Léo Ferré - cahiers d'études n°7


"Marseille sans Léo
n'est plus tout à fait Marseille"
par Olivier Bernex

extrait de "Cahiers d'études Léo Ferré n°7 : Marseille"
Dessin olivier Bernex



Si Paris vaut bien une messe, Marseille vaut bien une chanson, et quelle chanson ! Cette ville rebelle qui résiste encore à tous les vents, née avant toutes les autres, révoltée attachante, avec ses communards, les frères de Léo, enfermés au château d'if... On l'aime ou la déteste.

Aimée passionnement, découverte au Toursky, la chanson Marseille m'a toujours bouleversé. Déjà, celle de Peille était très émouvante : imaginer Léo, le Parisien des années Saint-Germain- des-Prés, rentrer chez lui, solitaire dans les rues désertes d'un petit village silencieux, où l'attendent Marie et les enfants !

Emporté par ce souffle, cette frénésie, submergé par ce flot tumultueux, torrentiel, ces flux et reflux comme les vagues dont l'écume s'abandonne peu à peu sur le sable mouillé, puis s'efface laissant son empreinte profondément nous envahir, s'imprimer. Portes de l'Orient, les longs voyages, l'exotisme baudelairien, les colonies, l'âme marine, le mélange des civilisations méditerranéennes, elle nous rapproche des émigrés, des gens d'ailleurs, de "là-bas"... De nulle part ! Des "bateaux perdus".

Ne sommes-nous pas des exilés de notre propre vie ? Cette chanson ne se veut-elle pas fédératrice ? Dans l'univers ferréen, mélange d'amour, d'anarchie, de poésie et de musique. Marseille et ses représentants ne l'ont jamais ressenti, ils n'en ont jamais voulu. Il en était meurtri. Pourtant, cette déclaration d'amour est le plus beau cadeau offert aux Marseillais.

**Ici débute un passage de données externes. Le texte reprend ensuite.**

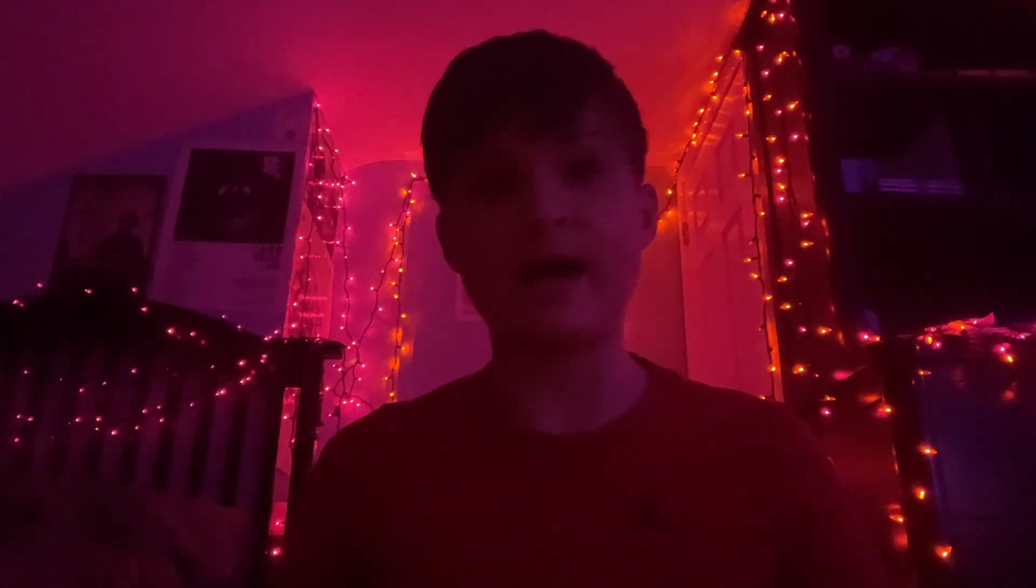So today, I'll be demonstrating how this works on an iOS 4.3.3 iPad second gen. So let's not waste any time and let's get straight into this and I'll show you how I install apps.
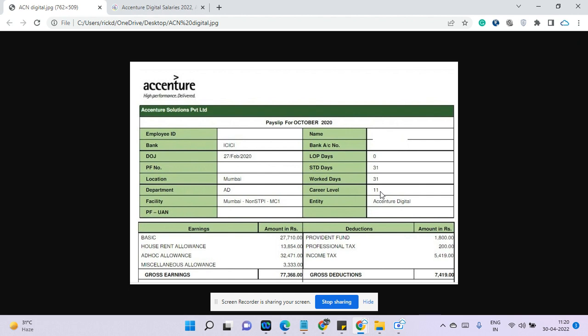After associate software engineer who are actually freshers, after one year, eventually they'll become a system software engineer analyst. That guy has two or three years of experience and it is a lateral entry. So that guy joined February.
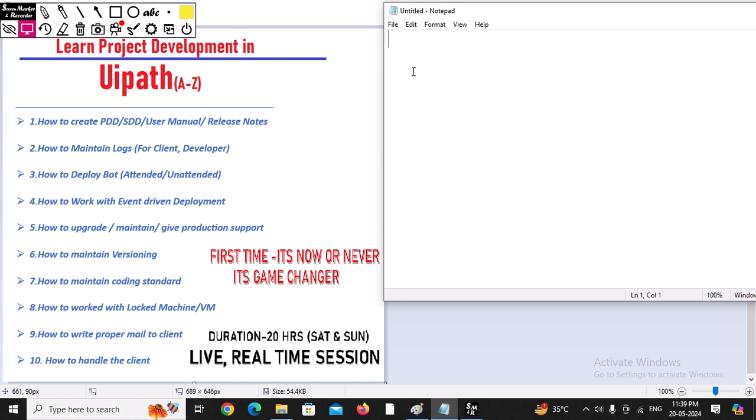The first thing you need to understand is: what are the different types of bots we have? Definitely, we have the unattended bot and we have the attended bot. As per the automation requirement, we can go for the attended or unattended. After deciding attended or unattended, we need to take care of the license.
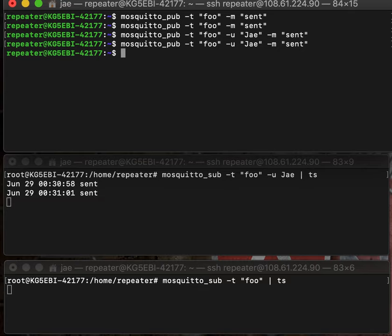Now, notice the bottom terminal did not specify the user, so therefore it's not receiving it.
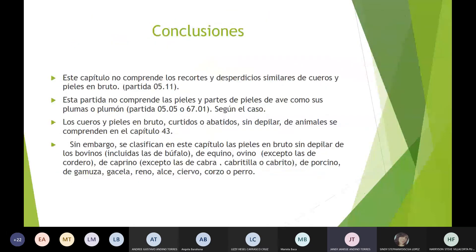Para concluir, como ya mencionaron algunos compañeros, este capítulo no comprende los recortes y desperdicios similares de los cueros y pieles en bruto. No comprenden las pieles y partes de las pieles de aves con plumas o plumón, porque entran en la partida 05.05 y 67.01 según el caso. Los cueros y pieles en bruto curtidos o adobados sin depilar de animales se comprenden en el capítulo 41, pero se clasifican en este capítulo las pieles en bruto sin depilar de los bovinos incluido el búfalo, los equinos, el ovino excepto los corderos, el caprino excepto las cabras, cabritillas o cabritos, el porcino, gamusa, gacelas, renos, alces, ciervos, corzos y perros.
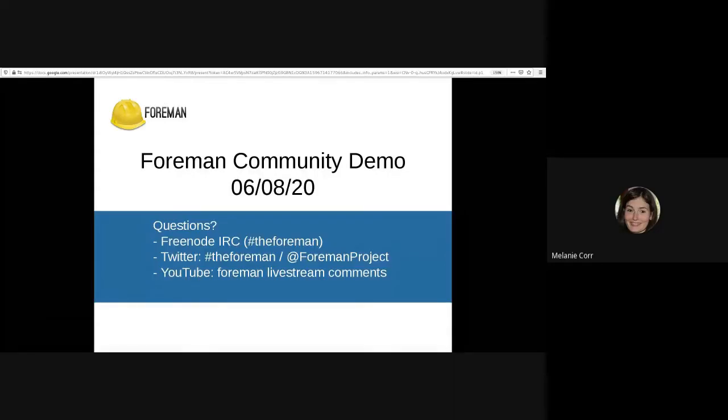Hello and welcome to another Forman community demo. Please note that this demo is being recorded, so if you have any problems with the YouTube live stream, you can watch back at a later stage. If you have any questions, please feel free to reach out to us on Freenode IRC or on the YouTube live chat, as both are being monitored.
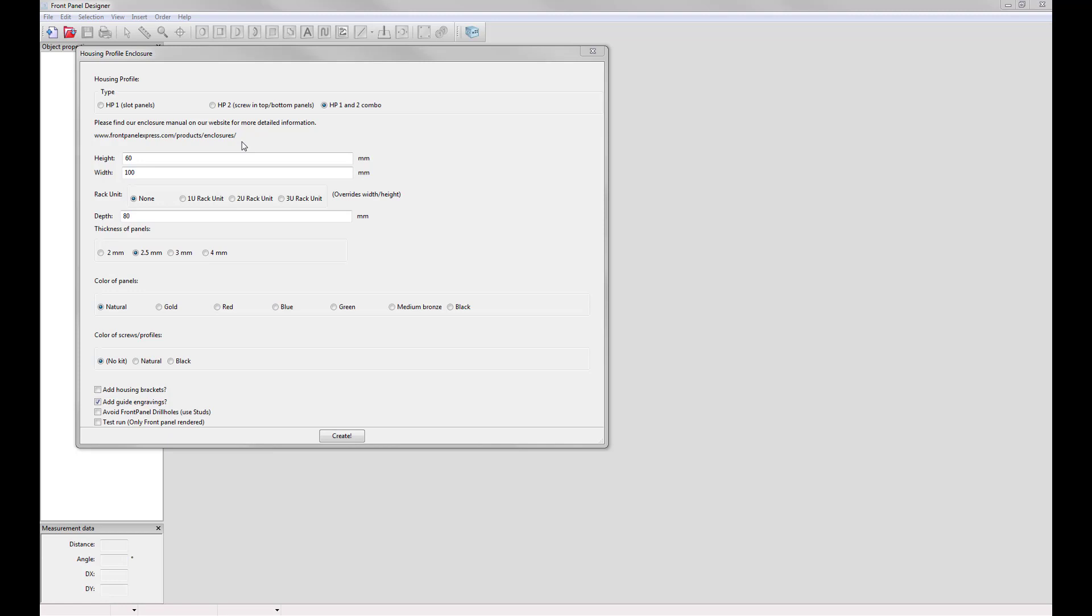Now that you have the enclosure type selected you can enter in the height, width, and depth of your enclosure. If you are wanting to create a rack unit then you can select either a 1U, 2U, or 3U rack unit. This will override the width and height of your enclosure to ensure that you get the correct size needed.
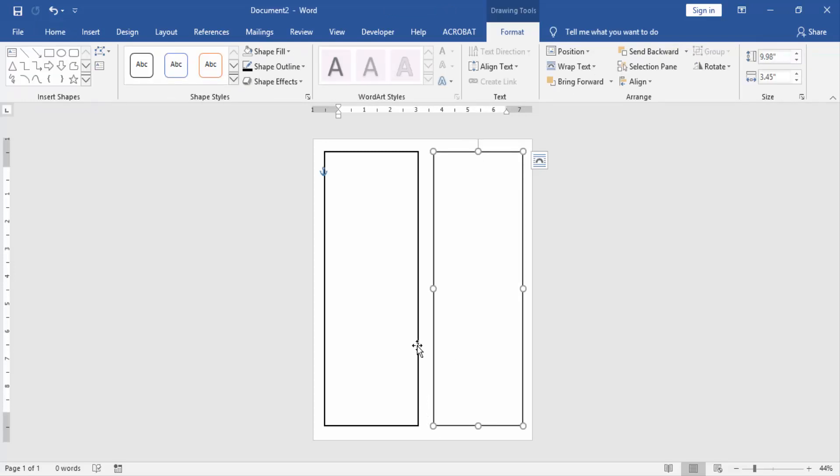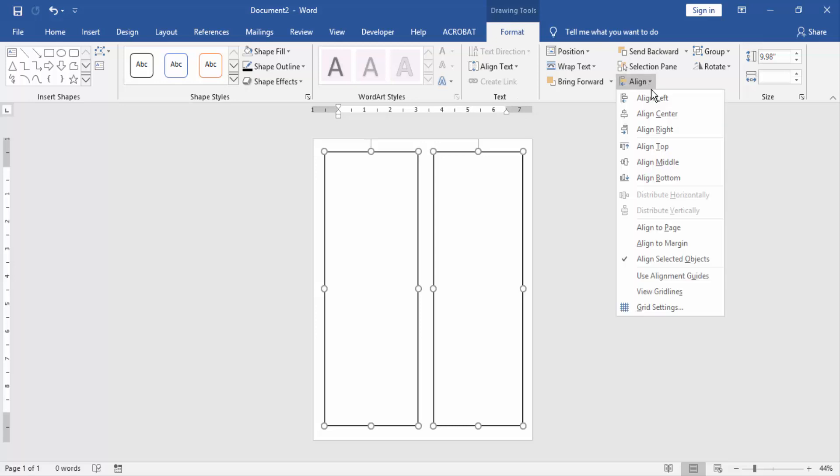Press Shift on your keyboard to select multiple shapes, click the Format menu, and click the Align option.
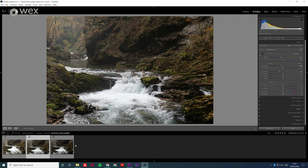Then in the filmstrip, select the rest of the unedited images that you want to change. You'll notice that the image that's the main one on your screen and the one you've just edited will be highlighted a little more than the rest.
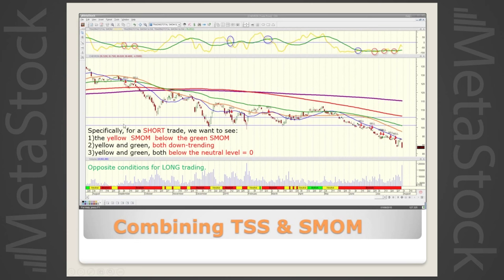Summarizing the conditions for a short trade: the yellow S-momentum must be below the green, both yellow and green downtrending, and both below the neutral level. This is the most important chart in the presentation — combining TSS signals with S-momentum technique. The opposite conditions apply for long trading.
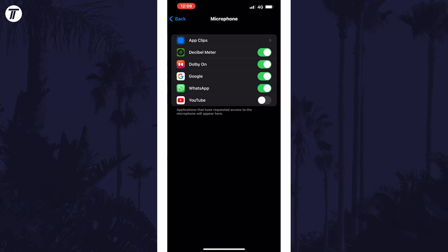You should now see a list of apps that have either permission to use the microphone or have requested to use it. You can use the toggle switch to the right of each app to approve or deny permission to the microphone.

Tout comme à Florence on imagine Dante, on s'attend à voir apparaître, à la Conception Rimbaud, puis Artaud, descendant les escaliers de la gare Saint-Charles, Apollinaire, et maintenant autour du Toursky rôde Ferré. Léo aimait Marseille passionnément, de toute son âme, d'un amour brûlant avec une souffrance d'amoureux transi, qui se rapproche du désespoir de l'amant délaissé, épris d'une beauté insaisissable, dont le coeur ne serait pas à prendre, il appartient à tout le monde. Et puis la belle se transforme peu à peu, perd de sa superbe avec le "Nord sur son dos", devient triste. Ville maudite peut-être ? Fatale sûrement !

Léo aimait venir tout particulièrement à Marseille, il avait une passion pour le théâtre Toursky situé dans un quartier mal-aimé, et son fondateur, l'ami Richard, le Niçois, le "copain de la neuille". Le théâtre lui doit beaucoup. Il faut le dire, si à Marseille on ouvre souvent les bras, on ne les referme pas si facilement une fois que cela est fait. Cela devient une certitude. De là sont nés mes travaux avec et sur Léo Ferré, avec méthode . Léo était cet homme solide comme un roc, fidèle comme le soleil à la terre. Cette foule grouillait aux grands soirs des spectacles de Ferré. Je n'avais connu cette contagieuse fièvre collective que lorsque, veilleur de nuit dans une station-service proche du stade Vélodrome, les supporters de l'OM, anges ou démons, déferlaient de tous côtés pour célébrer le dieu ballon.

Finies les années Ferré.
Marseille sans Léo n'est plus la même.
Mais avec Léo cela recommence avec la chanson.